Lansują one w mainstreamowych mediach nowy styl życia, w ramach którego bezdzietność staje się radosną alternatywą dla znoju i wyrzeczeń, nieodłącznie związanych z wychowywaniem potomstwa. Chodzi o promocję popularnego na Zachodzie modelu DINK, a więc „Double Income, No Kids” (po polsku: „podwójny dochód, żadnych dzieci”). Pary wybierają bezdzietność jako warunek szczęśliwej relacji, bo pozbawionej trosk materialnych towarzyszących posiadaniu dzieci.
Grozi zapaść
Niedawno grupa pracowników naukowych z Instytutu Statystyki i Demografii SGH opublikowała przeprowadzone w ramach projektu FAMWELL wyniki badań. Uczeni przebadali 604 bezdzietne kobiety w wieku 37-45 lat. Tylko 18 proc. respondentek nigdy nie chciało mieć dzieci. Jednocześnie 23 proc. respondentek zadeklarowało wejście w związek umożliwiający stworzenie rodziny oraz brak problemów z płodnością.

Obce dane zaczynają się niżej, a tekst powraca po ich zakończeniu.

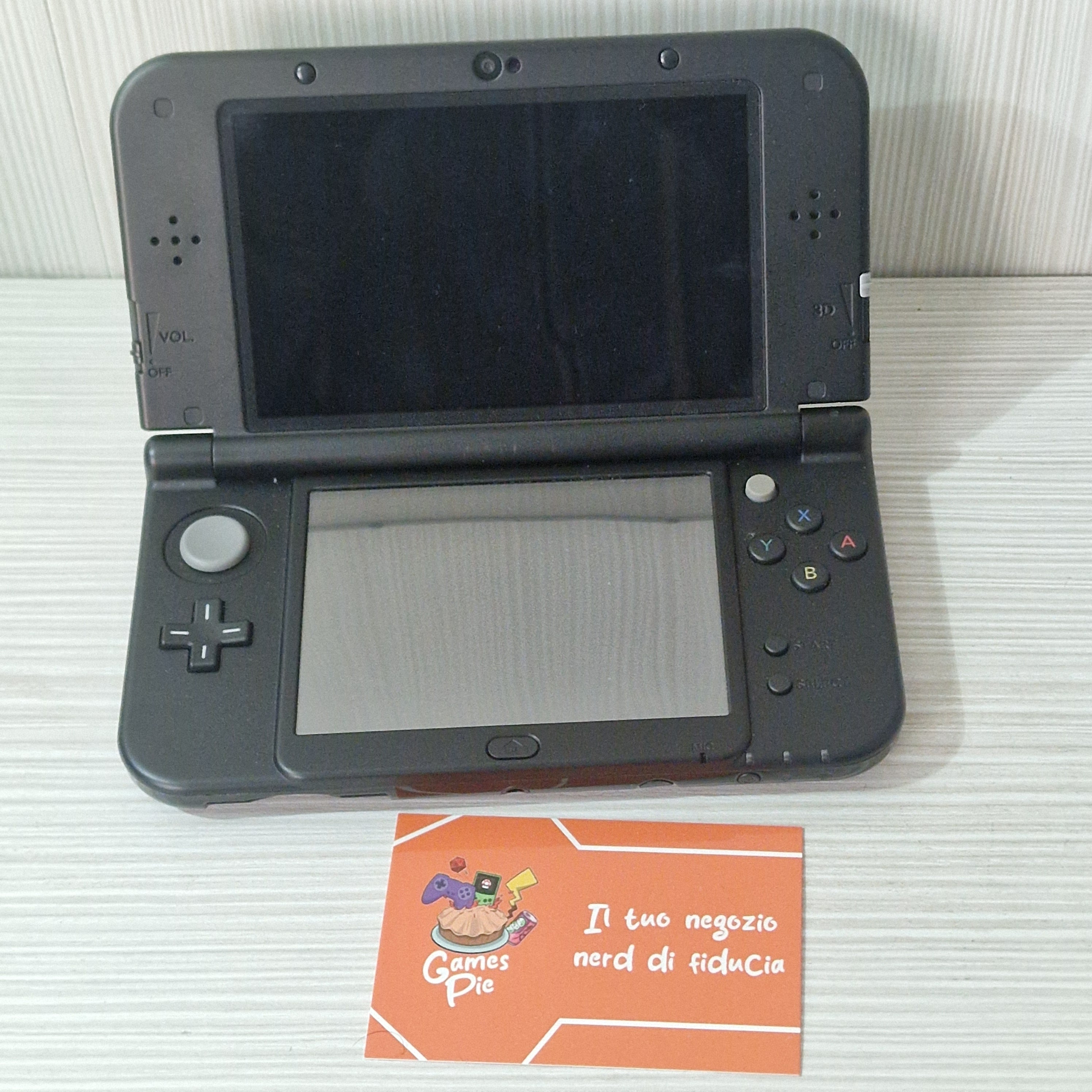 New Nintendo 3DS XL Versione Limitata Pokémon Sole & Luna COME NUOVO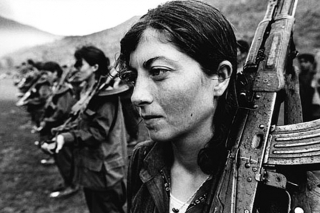 Η μάχη του Κομπανί: Εκεί που οι αντάρτες θυσιάζονται και η &quot;πολιτισμένη&quot; Δύση ατιμάζεται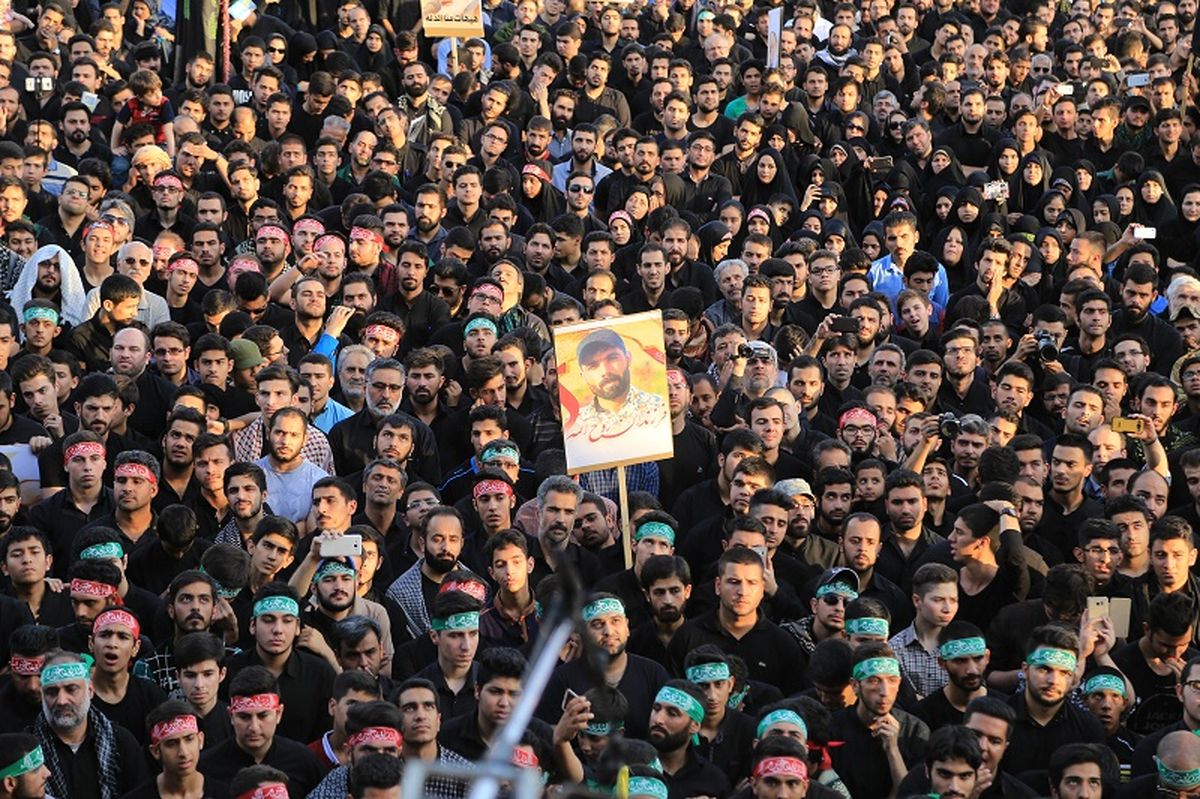 اجتماع مدافعان حرم در تهران + تصاویر
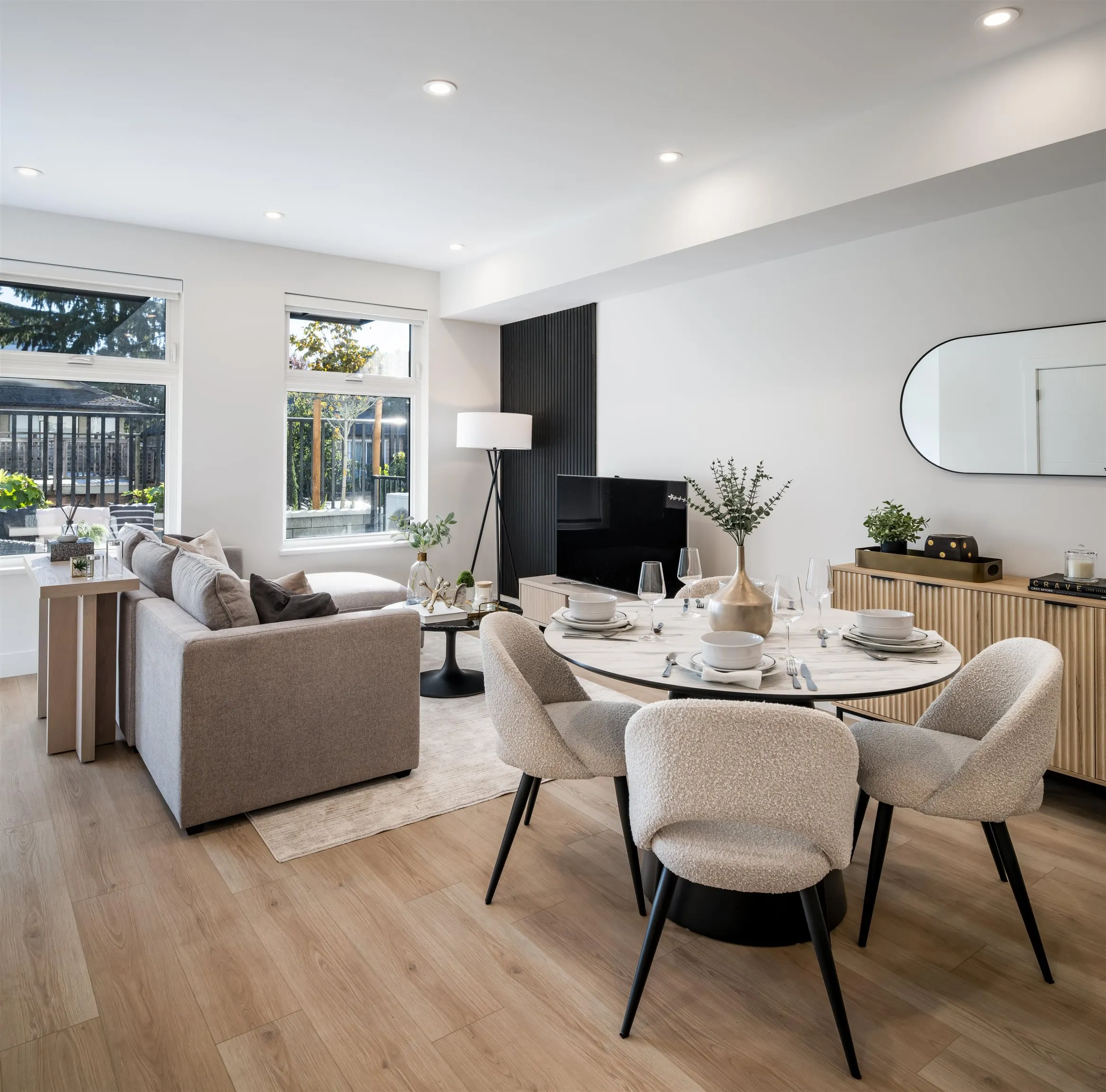 112 342 Mountain Highway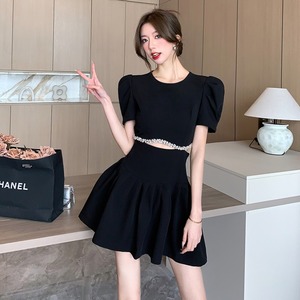 赫本风小黑裙高级感短裙小洋装精致别致独特收腰小个子连衣裙夏季
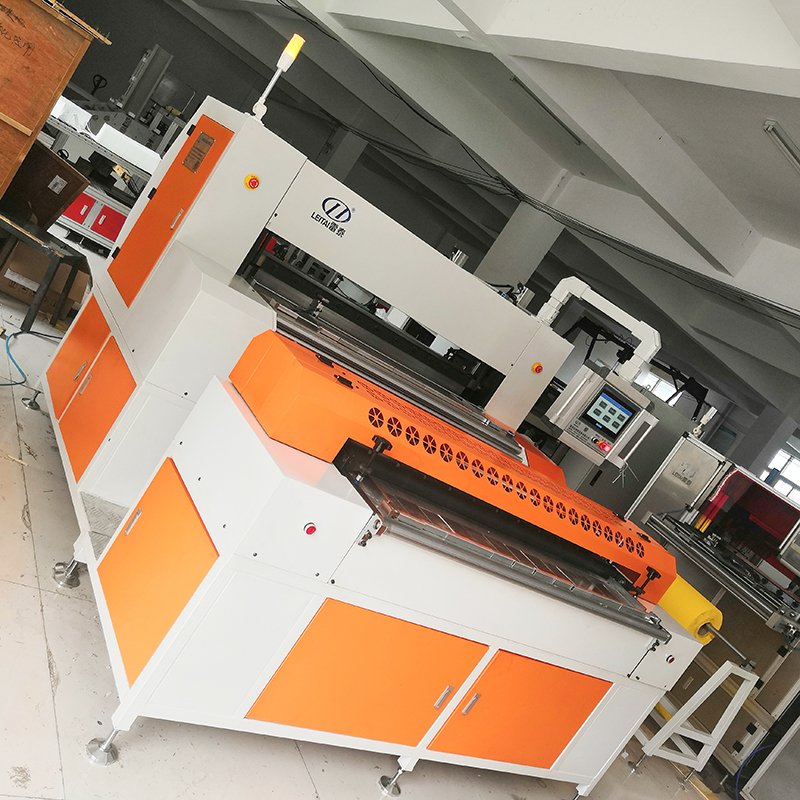 LT-AUTO70-850-III Full-auto Knife Cabin Air Filter Making Machine Paper Pleating Folding Machine
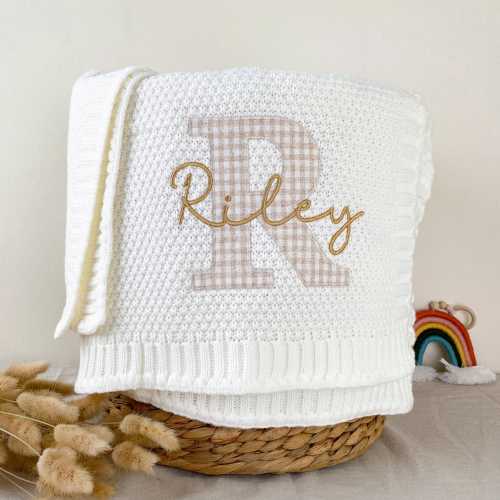 Baby blanket gift, monogrammed newborn baby gift, newborn gift, custom baby blanket, custom baby name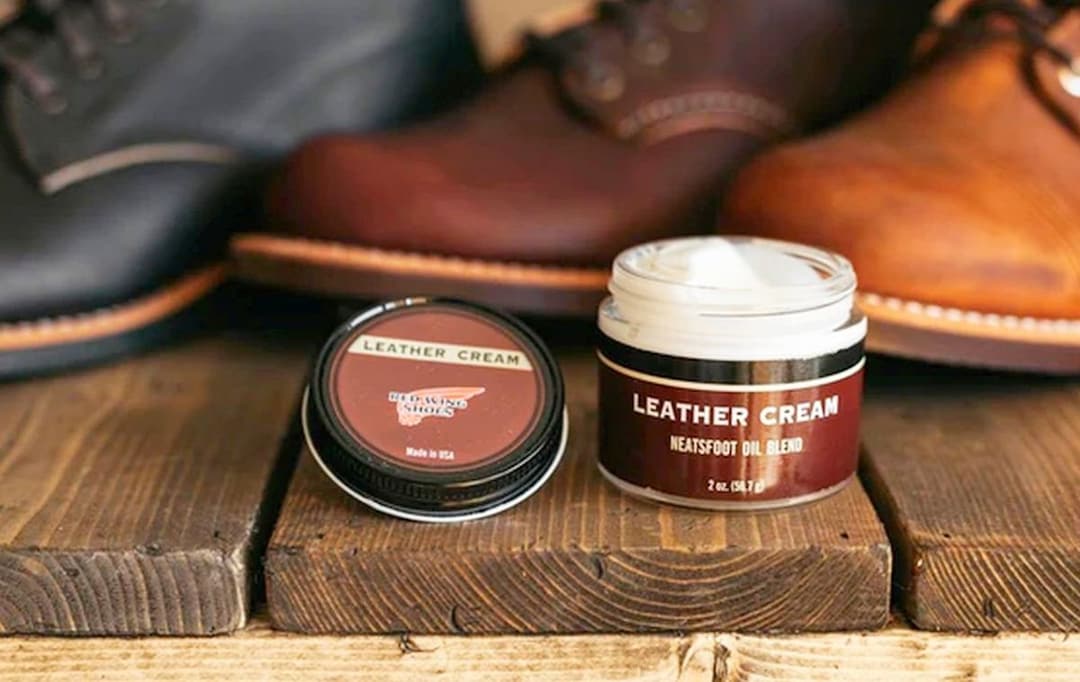 Red Wing Leather Cream black color 97095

W raporcie SGH czytamy, że o tym, iż nie mają one potomstwa, mogły zadecydować takie czynniki jak „sytuacja materialna, wybór ścieżki kariery zawodowej, chęć rozwoju osobistego, sytuacja na rynku pracy czy też inne okoliczności życiowe”.
W tym kontekście warto zajrzeć do tegorocznych danych GUS. Chodzi tu zwłaszcza o współczynnik dzietności, czyli liczbę urodzonych dzieci przypadających na jedną Polkę w wieku rozrodczym (15-49 lat). W ubiegłym roku wyniósł on 1,3. Dla porównania - w 1990 było to 2,04.
Nic dziwnego, że nie od dziś słychać w Polsce alarm - grozi nam zapaść demograficzna. Aby zapewnić zastępowalność pokoleń, musiałoby się rodzić rocznie w naszym kraju ponad dwa razy więcej dzieci niż w roku 2011.